The wall that costs taxpayers €100,000 a week
The two sides in the dispute were last night assessing the implications of yesterday's Supreme Court order to stop work at the site of the medieval castle ruins pending a full High Court hearing on the issues involved.
But while supporters of the €500m motorway warned the long-awaited road project could be delayed indefinitely by the legal wrangle, the Carrickminders who took the case to the Supreme Court said there remained a sensible and acceptable solution to the impasse.
"This can be a win-win situation. If the road skirts the edge of the castle site as we wanted all along instead of going through it, there is no reason why you can't finish the road and preserve the site," said spokesman, Ruadhan MacEoin.
Labour's environment spokesman, Deputy Eamon Gilmore, also said the road could go ahead if the developers were willing to accept they had picked the wrong route.
"The simple solution is to shift the roundabout. The Minister should make an order to that effect. There would be some delay in getting this part of the road redesigned but it's the more straightforward solution to what is otherwise going to become a very protracted legal dispute."
Green Party MEP Patricia McKenna appealed to Dun Laoghaire Rathdown County Council to enter immediate talks with the Carrickminders on the alternative proposals they had put forward for resolving the problem.
"It is not the protesters who are delaying the construction of the M50. It is the Government, the National Roads Authority and Dun Laoghaire Rathdown County Council. If they had taken the location of the castle into account when planning the road, we could have avoided this mess altogether," she said.
An early date is being sought for the High Court hearing as Dun Laoghaire Rathdown claim the delay is costing €100,000 a week in disruption fees to the main contractor but at best it is likely to be weeks before a judge can be appointed to the case and judgment after hearing is likely to be reserved for a further period of time.
A Courts Service spokesman said yesterday most judicial review cases got on a scheduled date within eight to 12 weeks but if urgency was pleaded, it was possible to get a hearing sooner.
Yesterday's judgment by the three-member Supreme Court came in a 27 page document delivered by Mr Justice Adrian Hardiman who found the Carrickminders had sufficient grounds to seek the suspension of works at the Carrickmines Castle site pending further investigation of the legal issues involved.
The protestors had argued that the removal of parts of the castle walls to make way for the motorway amounted to interference with a national monument which was only permitted under licence, in very rare circumstances and in compliance with strict conditions.
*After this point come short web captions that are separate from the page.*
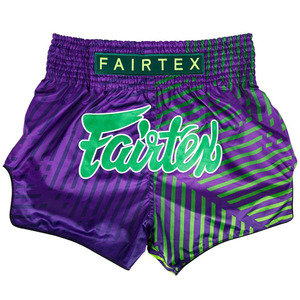 Pantalones Cortos Ligeros de Satén para Muay Thai y Kickboxing, con Aberturas Anchas en las Piernas, para Entrenamiento de Artes Marciales y Gimnasio - Product Image 4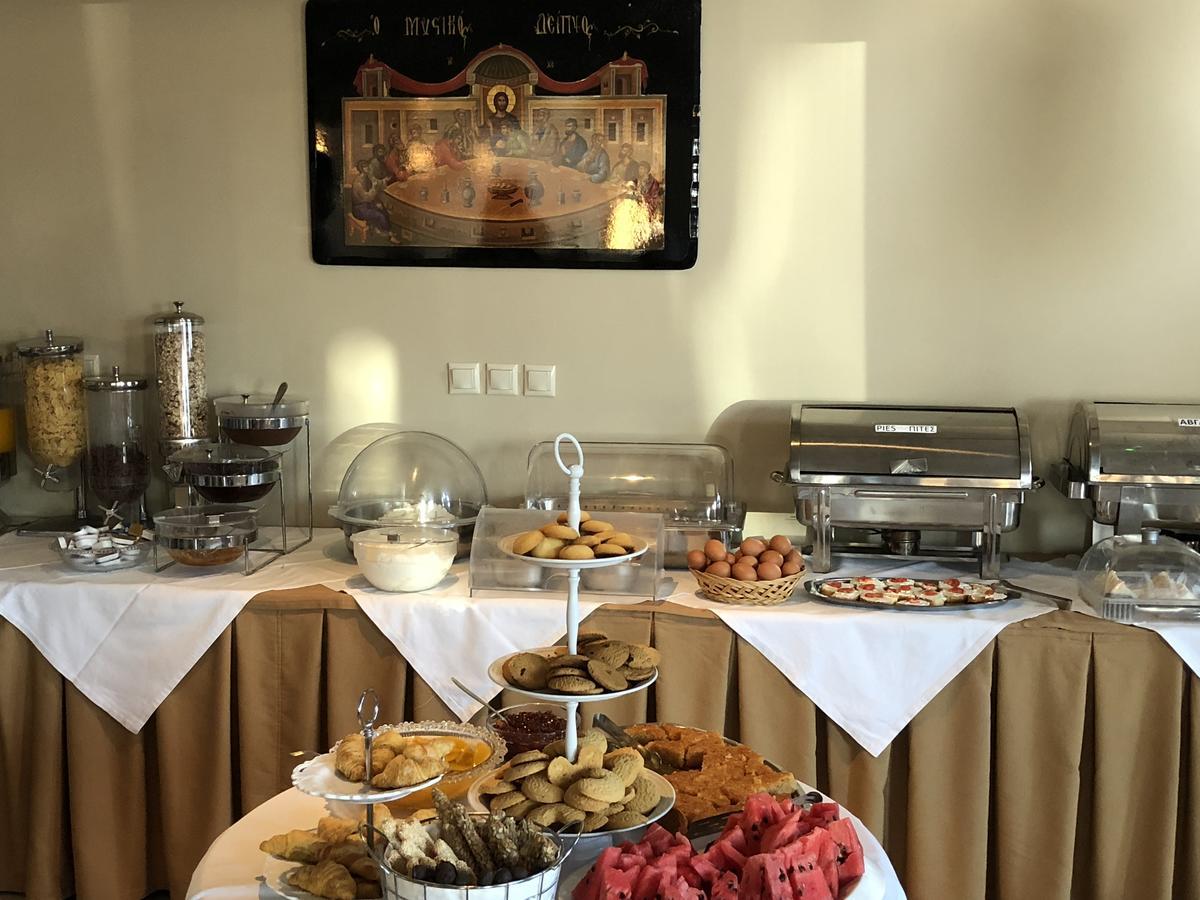 Ammouliani Hotel Kültér fotó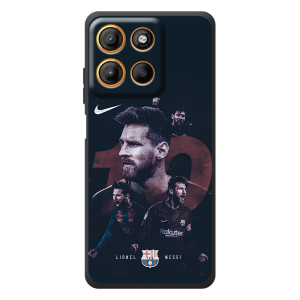 Чохли Лео Мессі Аргентина для Motorola Moto G17 – Мессі 10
They argued there were questions about the nature of the licence held by the developers and the level of compliance with the conditions which suggested breaches of the National Monuments Act.
Mr Justice Hardiman said while the defendants contended the castle remains were not a national monument, they had failed to provide expert evidence to contradict the opinion of medieval scholar Dr Sean Duffy of Trinity College Dublin that they did constitute a national monument.
"Plainly there is scope for differences of opinion as to whether the preservation of any particular monument is a matter of national importance," said Mr Justice Hardiman.
"But it is essential to the resolution of the present case to note that the strongly expressed and closely argued conclusion of Dr. Duffy to the effect that it is a national monument is uncontradicted by any expert evidence."